● Task prompt
When you reach the line that contains "Zara Women's Leopard", begin copying exactly, and continue through the last line of the data; no pictures belong in the copy.

● Exercise materials
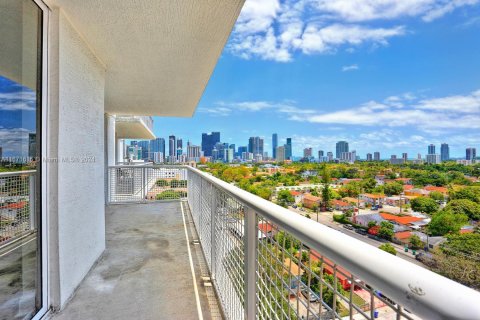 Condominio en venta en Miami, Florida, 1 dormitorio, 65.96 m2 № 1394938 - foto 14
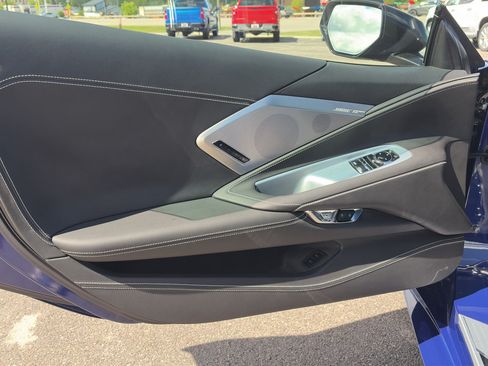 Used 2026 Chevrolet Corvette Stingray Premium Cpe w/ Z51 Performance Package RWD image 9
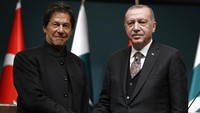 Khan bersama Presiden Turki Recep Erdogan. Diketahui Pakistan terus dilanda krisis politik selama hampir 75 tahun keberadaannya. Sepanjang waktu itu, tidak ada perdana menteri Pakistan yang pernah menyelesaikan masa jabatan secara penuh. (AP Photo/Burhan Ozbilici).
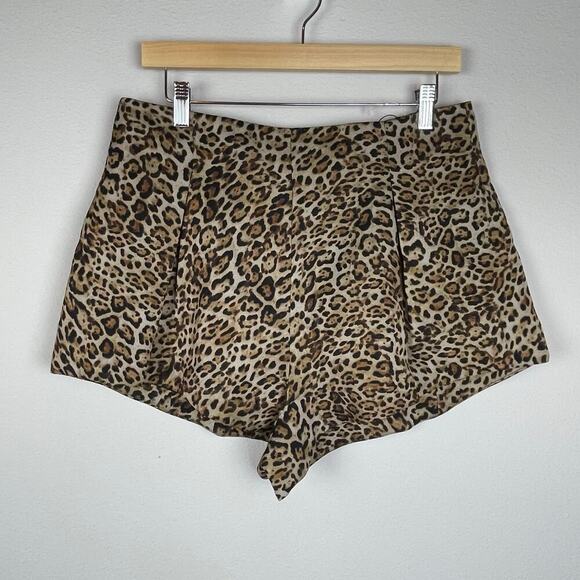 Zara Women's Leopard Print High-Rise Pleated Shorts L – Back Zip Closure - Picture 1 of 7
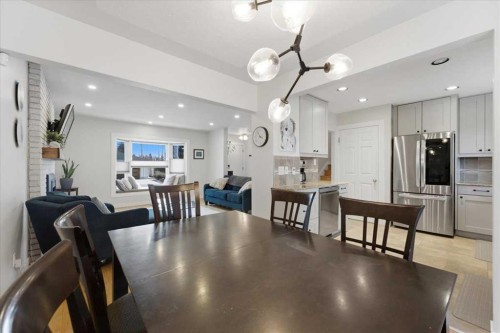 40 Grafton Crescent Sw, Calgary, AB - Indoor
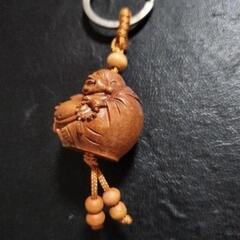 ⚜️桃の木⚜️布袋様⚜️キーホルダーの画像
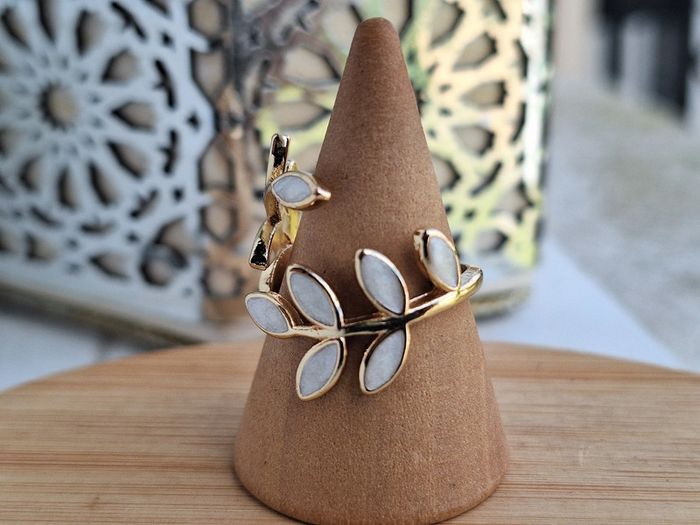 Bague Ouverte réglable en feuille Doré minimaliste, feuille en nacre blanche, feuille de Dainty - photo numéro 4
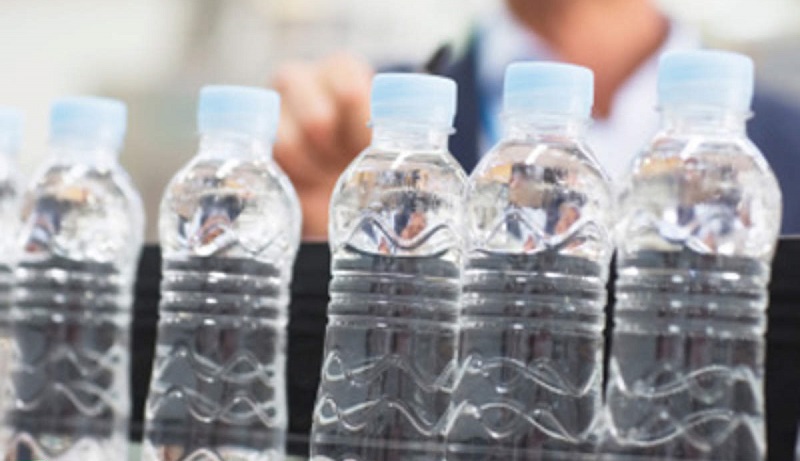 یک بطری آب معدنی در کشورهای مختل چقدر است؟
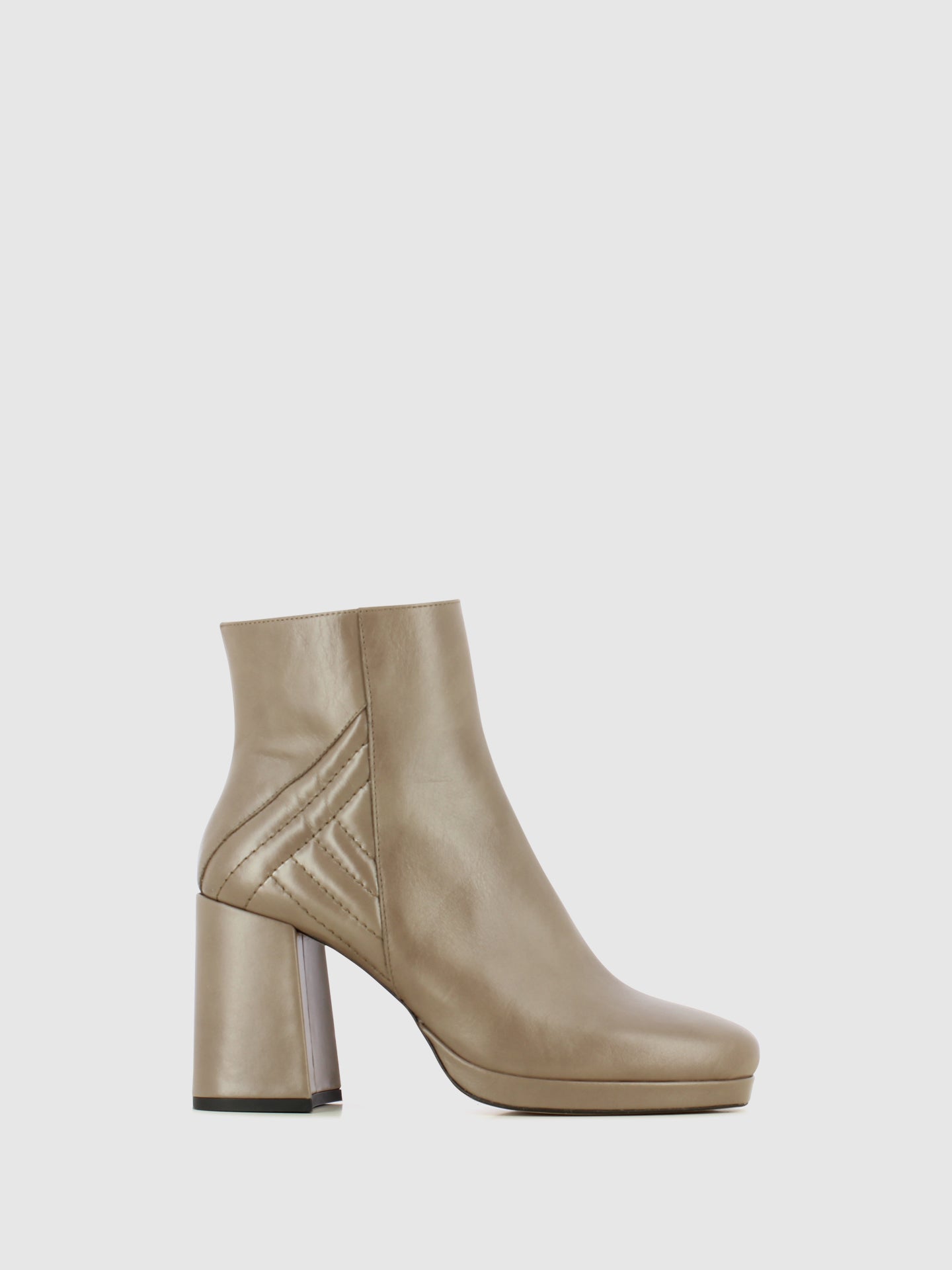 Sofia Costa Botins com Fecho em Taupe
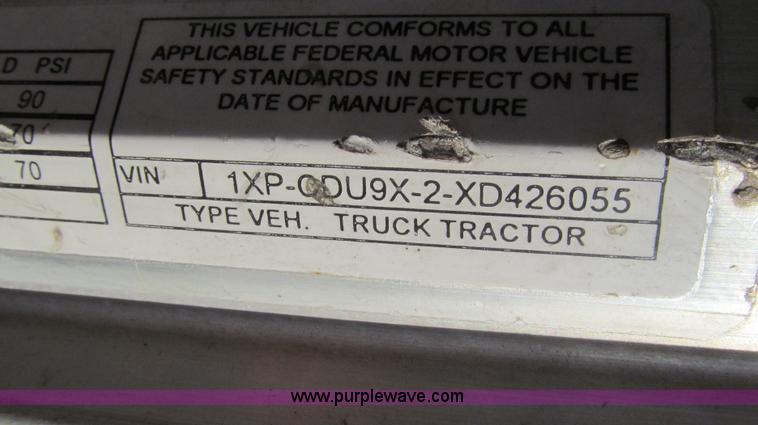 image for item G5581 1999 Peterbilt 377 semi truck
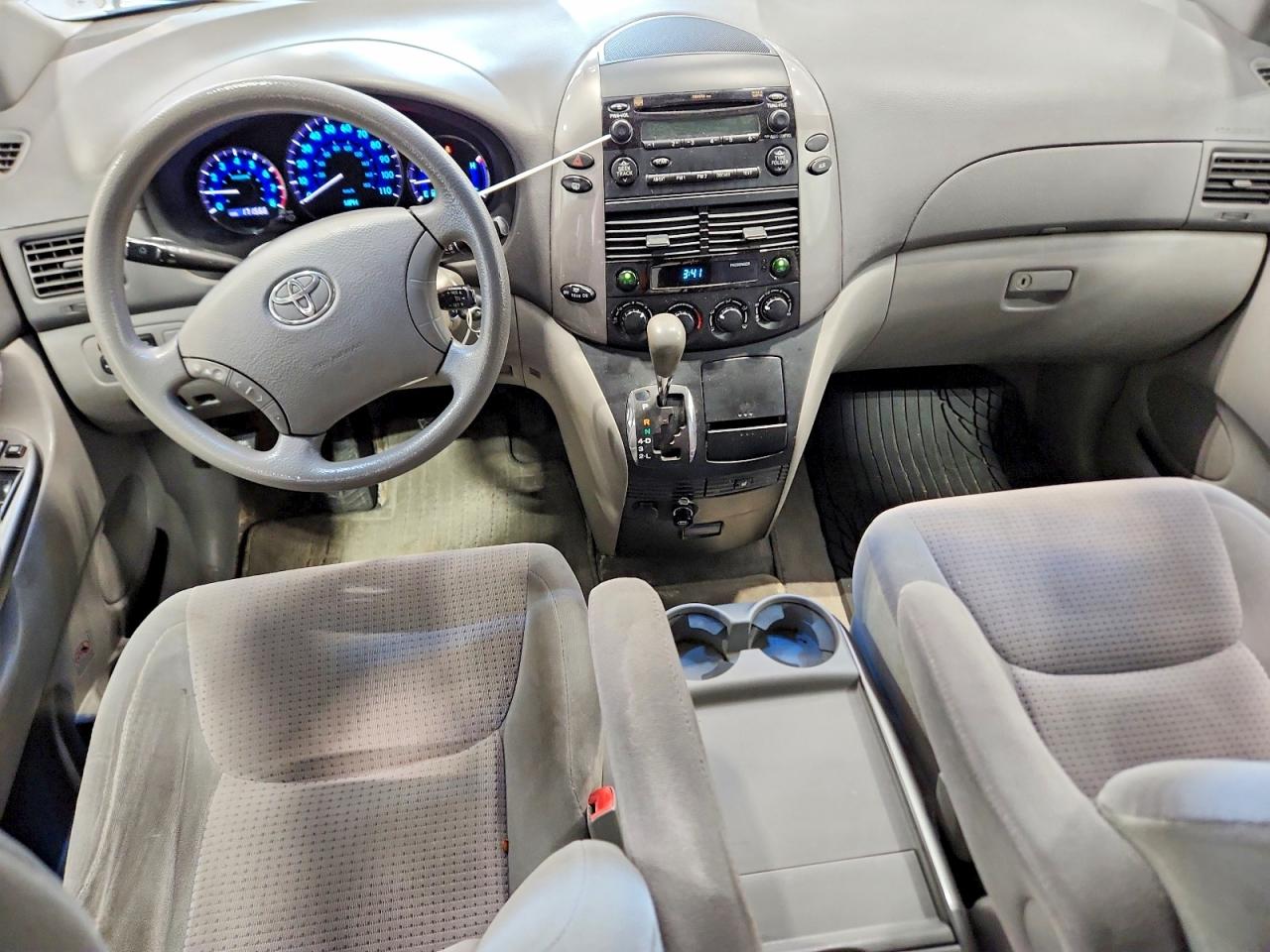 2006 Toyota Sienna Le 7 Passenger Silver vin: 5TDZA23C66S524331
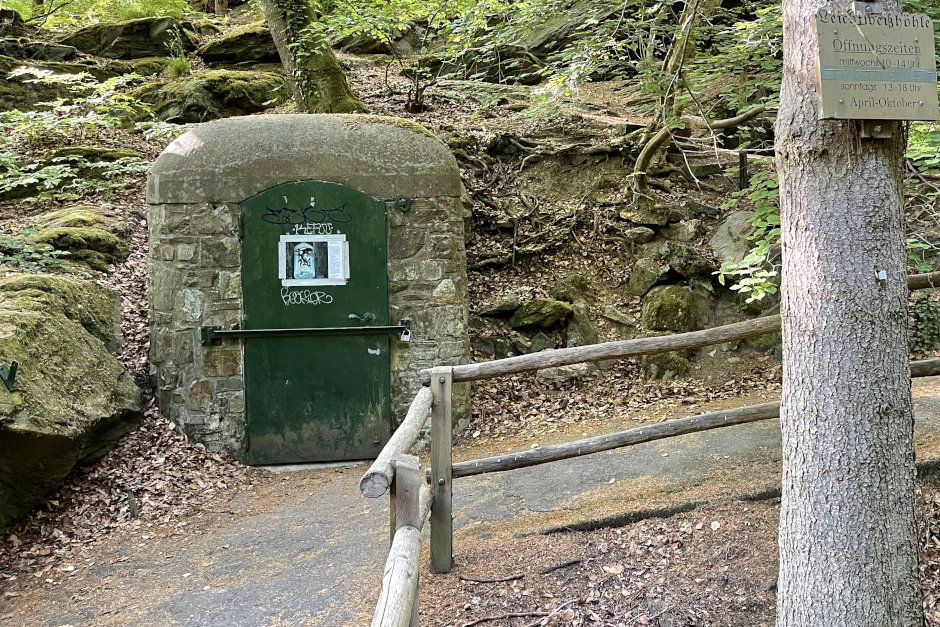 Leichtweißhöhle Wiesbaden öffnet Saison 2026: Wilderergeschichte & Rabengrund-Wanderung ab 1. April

● Completed task
 Zara Women's Leopard Print High-Rise Pleated Shorts L – Back Zip Closure - Picture 1 of 7
 40 Grafton Crescent Sw, Calgary, AB - Indoor
 ⚜️桃の木⚜️布袋様⚜️キーホルダーの画像
 Bague Ouverte réglable en feuille Doré minimaliste, feuille en nacre blanche, feuille de Dainty - photo numéro 4
 یک بطری آب معدنی در کشورهای مختل چقدر است؟
 Sofia Costa Botins com Fecho em Taupe
 image for item G5581 1999 Peterbilt 377 semi truck
 2006 Toyota Sienna Le 7 Passenger Silver vin: 5TDZA23C66S524331
 Leichtweißhöhle Wiesbaden öffnet Saison 2026: Wilderergeschichte & Rabengrund-Wanderung ab 1. April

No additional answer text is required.